15 de abril de 2012

LUZES DA CIDADE: VER, EM CHARLES CHAPLIN


Nei Duclós

Você consegue ver agora? pergunta o vagabundo para a florista. Sim, agora eu consigo, diz ela, decepcionada com o que vê. Esse insight provocado pela ruptura da cegueira, fonte de ilusões de quem, no escuro, imagina um romance com um sujeito rico e que no fim era um mendigo fingidor, é um dos momentos mais importantes da Sétima Arte. Por ser uma absurda obra-prima absoluta, criada arduamente pelo gênio de Charles Chaplin, que inventou soluções cinematográficas deixando a equipe esperar por semanas a fio enquanto meditava sobre a melhor saída, Luzes da Cidade (1931) pode ser lida de várias formas em muitas camadas. Prefiro ver tudo como metáforas. É o caminho mais óbvio, e, portanto, irresistível. Isso não significa que vamos nos entregar a obviedades.

A história é conhecida: ela esperava que seu benfeitor, que pagou pela operação dos olhos, fosse alguém como o freguês rico que chegou num carro de luxo para fazer uma encomenda. Mas o que ela tem na sua frente é um mendigo, arrasado pela prisão provocada por um equívoco, um assalto cometido por dois ladrões, atribuído ao pobretão. O dinheiro conseguido foi doado por um milionário bêbado que sofria de amnésia alcoólica – a culpa da má distribuição de renda dando um intervalo no egoísmo e que volta ao normal na sobriedade. Mas a polícia achou que tinha sido roubo e prendeu o mendigo.

A florista (interpretada por Virginia Cherrill) que enfim enxerga, livre da ilusão provocada pela cegueira, onde construiu suas fantasias, é como o espectador que na sala escura enxerga o que a indústria do espetáculo lhe mostra. O espectador se projeta na tela e é protagonista do seu sonho. A florista se vê casada com um homem rico, mas não sabia que recuperar a visão tinha um contraponto, o de enfim ver o que a realidade lhe aprontava.
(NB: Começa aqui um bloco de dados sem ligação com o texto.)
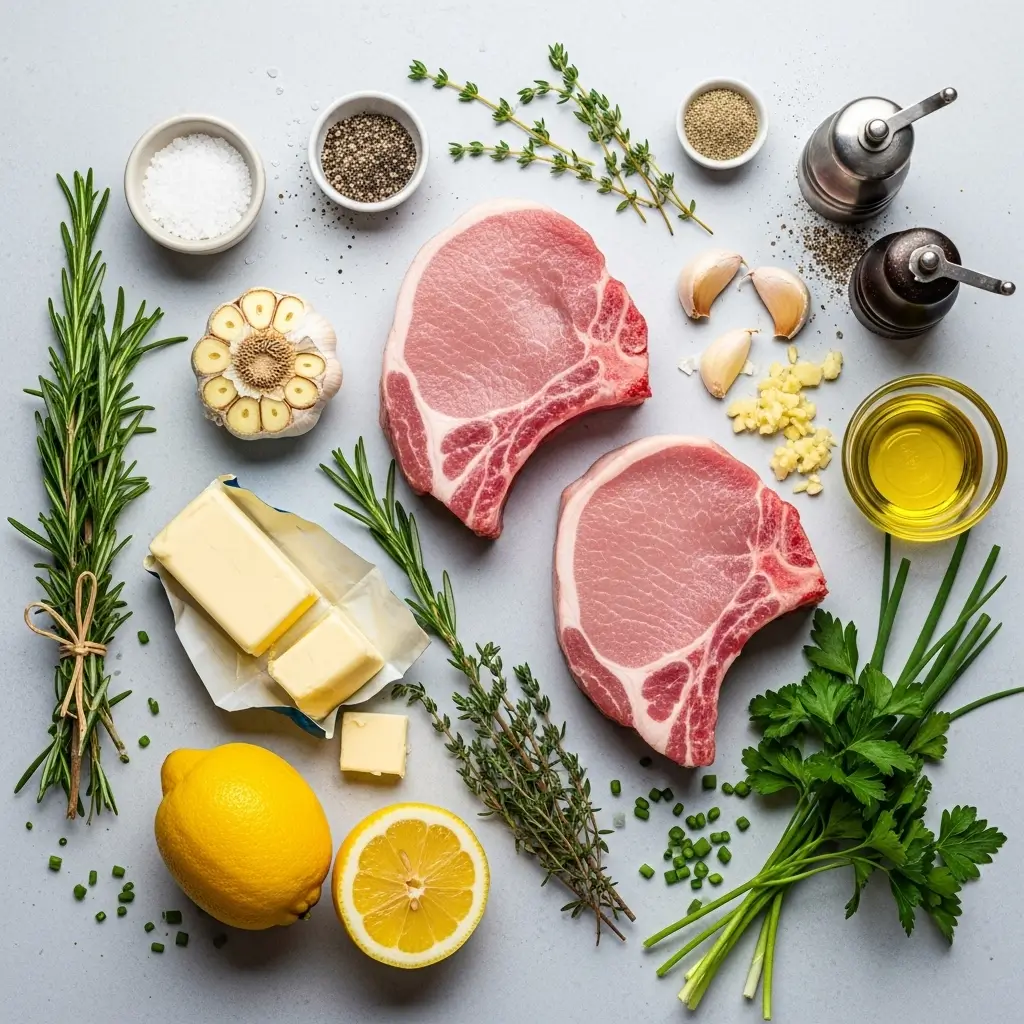 Overhead flat-lay of ingredients for garlic butter pan seared pork chops including raw pork chops, fresh garlic, butter, rosemary, thyme, parsley, chives, lemon, salt, pepper, and cast iron skillet on white marble background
Ela tinha sido alvo do amor e da solidariedade de alguém sem posses mas cheio de sentimento. Deixou-se seduzir porque imaginava estar assediada pela riqueza. Mas a verdade era outra.

As soluções cinematográficas são poucas e foram criadas em sua maioria no cinema mudo. Vemos a repetição delas a toda hora. A súbita revelação provocada pelo toque nas mãos é um lugar comum no cinema depois que Chaplin inventou essa cena. A confusão provocada pela porta de automóvel que se fecha, batida pelo mendigo, e que acaba iludindo a florista pelo som é talvez uma alfinetada de Chaplin no cinema sonoro: cinema é imagem e o som poderá apenas confundir. O que vale não é o barulho dos carros, as falas dos personagens, os ruídos da riqueza, e sim as formas de luz e sombra que aparecem na tela. Cinema é apenas o que vemos, não o que imaginamos ou ouvimos.

Em poucos minutos, neste filme, Chaplin faz talvez uma das cenas mais contundentes do cinema noir. É quando ele foge dos assaltantes apagando a luz da mansão do milionário onde foi recebido. Apenas alguns feixes de luz pipocam no ritmo da sequência, com sombras ameaçadoras perseguindo o protagonista, e um revólver tentando caçá-lo no escuro. A sombra como refúgio e a luz como ameaça: na alternância ou convivência desses dois elementos do claro-escuro, Chaplin constrói uma situação de perseguição, medo e suspense, pois a salvação da florista cega dependia do dinheiro que ele trazia no bolso naquele momento.

Há que se destacar também, entre inúmeras sacadas, a antológica cena da luta de boxe, um show coreográfico onde o malabarista Chaplin nos encanta com sua performance perfeita. Não é apenas hilária, não é apenas irresistível, não é apenas a melhor cena de boxe do cinema: é obra de gênio, e nunca é demais repetir isso. Que jamais tenha ganhado um Oscar diz tudo sobre a indústria do cinema, que apostou no Mesmo e puniu a originalidade.

Ver, em Charles Chaplin, nos liberta da ilusão de uma sociedade dividida em classes sociais e nos devolve a humanidade perdida na cultura do dinheiro. O mendigo que é também trabalhador ocasional, autônomo, recolhendo excrementos de animais na rua, é o único capaz da solidariedade numa selva de falsos sentimentos, onde as flores são compradas, assim como os relacionamentos. A florista vive dessa ilusão de amores que se conquistam por mimos caros, mas acaba recebendo uma lição memorável: a de que a clareza do olhar sobre o coração alheio vale mais do que todas as mentiras sedutoras do mundo.

As luzes da cidade confundem o olhar. A luz do olhar sem a sombra do egoísmo enxerga o essencial.